● WHAT YOU SHOULD DO
Leave out the pictures and print the records below exactly.

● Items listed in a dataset

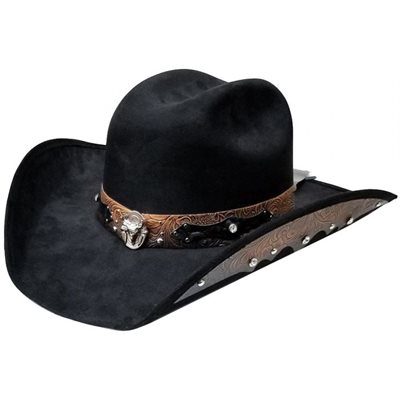 BLACK SUEDE COWBOY HAT WITH BROWN PATTERN 9799 LARGE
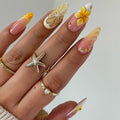 Press-On Nails "Soleil d'Été" - Fleurs 3D, Citron & Coquillage Tropique⁠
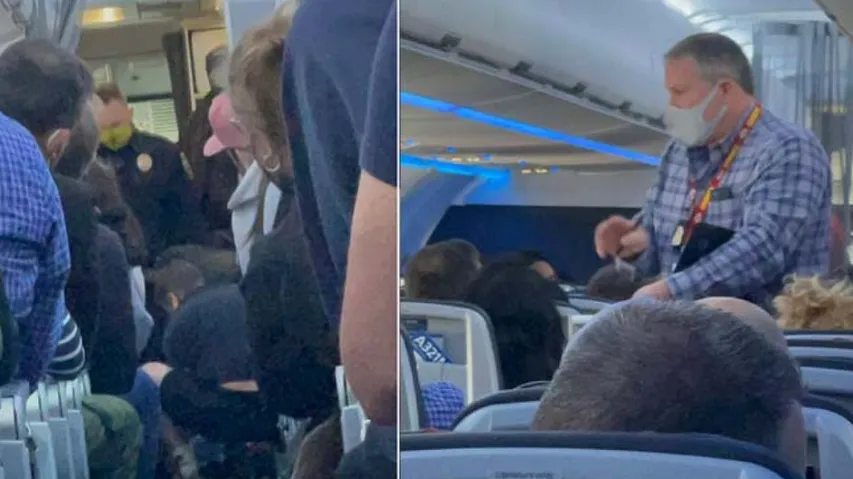 Man open emergency gate in Flight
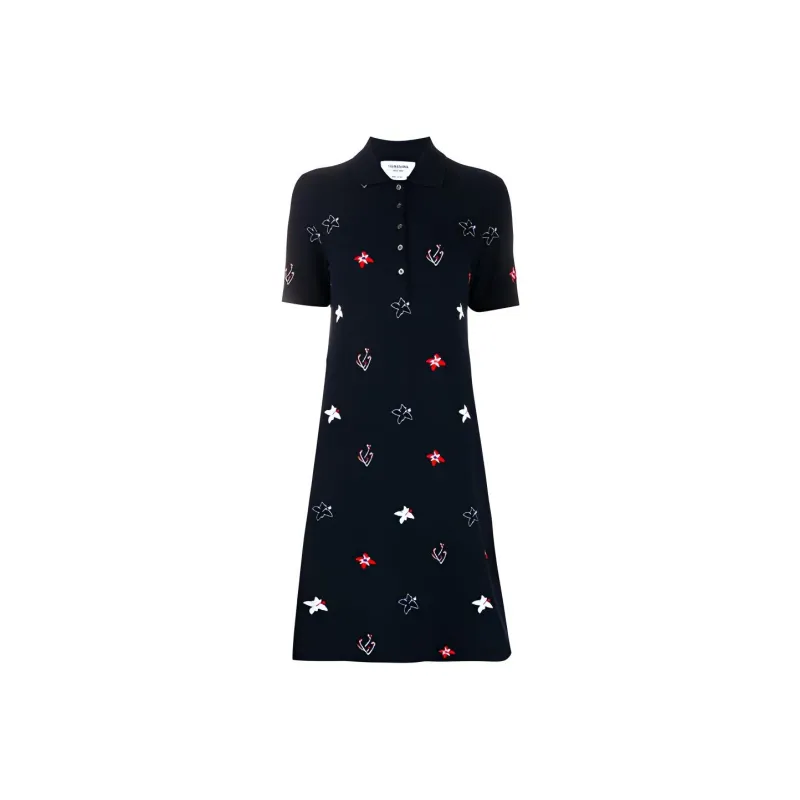 THOM BROWNE· Short Sleeved Dress Women's Marine Blue-0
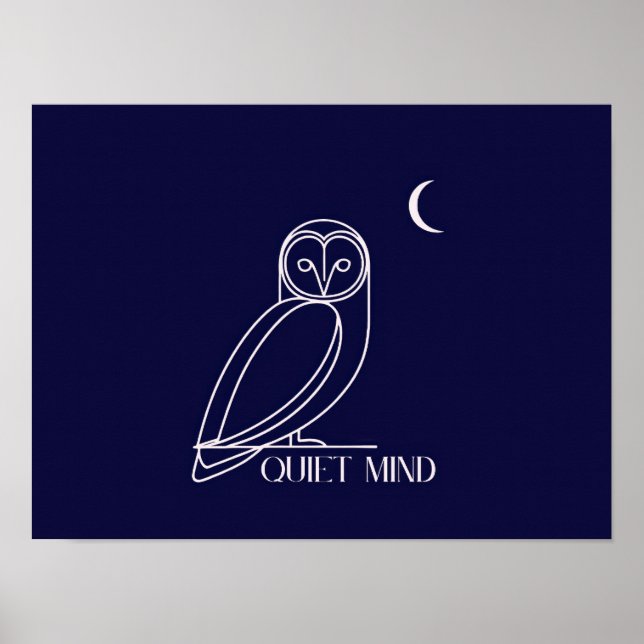 Tyst Ugglas Visdom – Minimalistisk Nattlig Visdoms Poster (Framsidan)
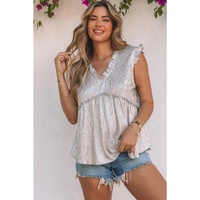 Azura Exchange Frilled V Neck Metallic Crinkle Blouse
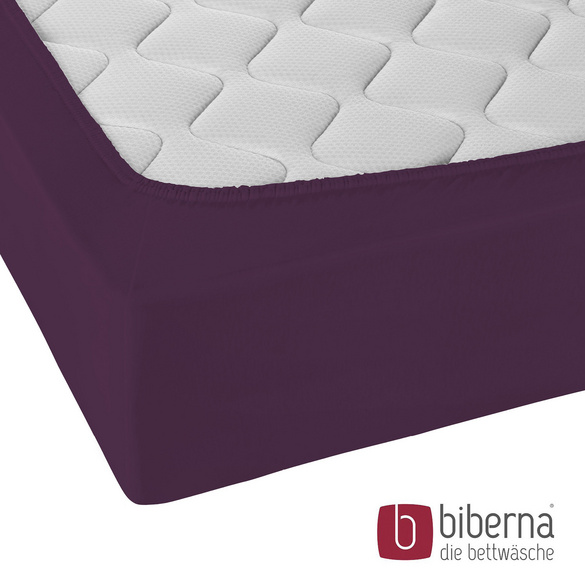 biberna Jersey-Elastic-Spannbetttuch dunkel violett, 1x 120x200 cm - 130x220 cm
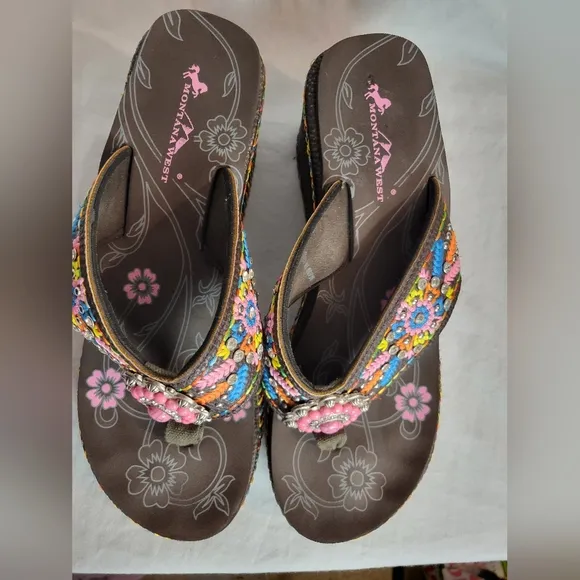 Women's Montana West Brown Platform Flip Flops Sandals Size 11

● PROBLEM SOLUTION
 BLACK SUEDE COWBOY HAT WITH BROWN PATTERN 9799 LARGE
 Press-On Nails "Soleil d'Été" - Fleurs 3D, Citron & Coquillage Tropique⁠
 Man open emergency gate in Flight
 THOM BROWNE· Short Sleeved Dress Women's Marine Blue-0
 Tyst Ugglas Visdom – Minimalistisk Nattlig Visdoms Poster (Framsidan)
 Azura Exchange Frilled V Neck Metallic Crinkle Blouse
 biberna Jersey-Elastic-Spannbetttuch dunkel violett, 1x 120x200 cm - 130x220 cm
 Women's Montana West Brown Platform Flip Flops Sandals Size 11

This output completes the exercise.